The earliest record of the Norfolk Club is of two meetings held at the Bell Tavern in June 1770, when a few Norfolk gentlemen drew up a draft set of rules for the formation of the Norfolk Coterie. (The name came from a fashionable London social club which briefly flourished in the 1770s.) Their intention was simply to set up a dining club, with no specific aims beyond dining together once a month in a Norwich Tavern.
It was decided that the venue would be the ‘Bell Tavern in the Market Place Norwich upon the last Saturday in the months of June, July and August 1770 and in the months of April, May, June, July and August in the next ensuing year for ten years to come’. The document they drew up is framed and hangs in the Club to this day.

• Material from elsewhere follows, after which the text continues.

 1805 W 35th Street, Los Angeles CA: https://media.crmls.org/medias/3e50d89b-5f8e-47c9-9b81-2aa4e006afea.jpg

The aim of the Society was to provide members with a convivial dinner on days when they came into the city on business, as JPs and members of the Grand Jury, or to shop. They usually rode into Norwich with a servant in attendance. Horse-drawn carriages were used in inclement weather, when their wives accompanied them and by those of advanced years. The provision of good stabling at a tavern was therefore almost as important as good food.

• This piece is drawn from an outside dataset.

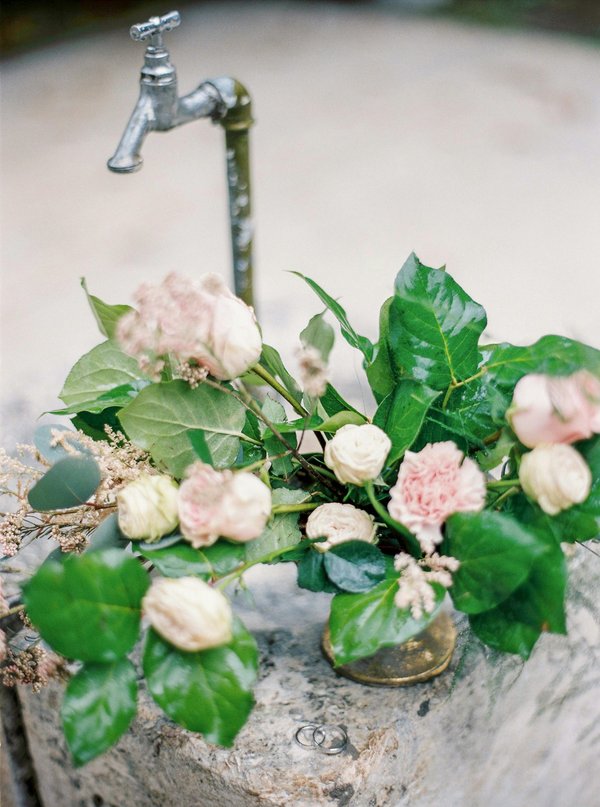 Robinet extérieur sur pied antigel : robuste, pratique et élégant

Knowledge of the early history of the Club is largely derived from the attendance book running from 1770 to 1791, which still survives. It shows that the original eighteen members were all drawn from Norfolk nobility and gentry. There is no indication given as to how they were selected. It is presumed that an active core agreed upon the addition of friends and acquaintances who were acceptable to all.

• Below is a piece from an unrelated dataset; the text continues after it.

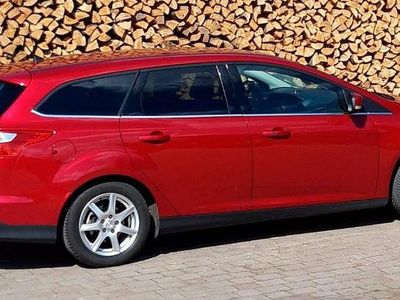 Gebraucht Ford Focus Titanium 163 PS (119 kW) 2012 Rot Limousine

The problem in the early years of the Society was not of recruitment but of absence. Often the winter months would see fewer than half a dozen members. Distance, illness, and the weather appeared to be the main reasons for low attendance. Additionally, several members spent long periods of the year in either London or Bath.
Our current fine Georgian building was built on land which once formed part of the Greyfriars precinct. The old wall in St. Faiths Lane, behind the Club, formed the boundary between the Cathedral Close and Greyfriars. In 1792 the building served as Hudson’s Bank, later known as Norwich Crown Bank. This moved to Hardwick House in Agricultural Plain in 1866 and the building for a while became Greyfriars College. This was a small boarding school run by Alexander Lowe, who leased the house for £80 per annum from 1881. It was purchased by the Club in August 1888 for £3600 and from then on, its affairs were managed by four trustees. Funds were raised to convert the building into something more suitable for a club. It re-opened just four months later in December 1888, proclaiming itself to be ‘one of the finest clubs out of London’. The structure of the building has remained unchanged since then, with its handsome five-bay Georgian façade, two and a half storeys, with a central bay containing the door with Doric columns and pediment.
The Norfolk Club celebrated its 250th Anniversary in 2020 and remains part of a wonderful network of reciprocal clubs in the UK and around the world. An important element of Norfolk Club membership is that Members benefit from being able to use these reciprocal clubs. Whether you want to stay close to the theatres in London, or near the shops in Knightsbridge, there is a good choice of well-positioned London Clubs available to Norfolk Club Members. Many members also use our reciprocal clubs in Africa, Australia, New Zealand, USA, Europe, and Asia, when travelling around the world.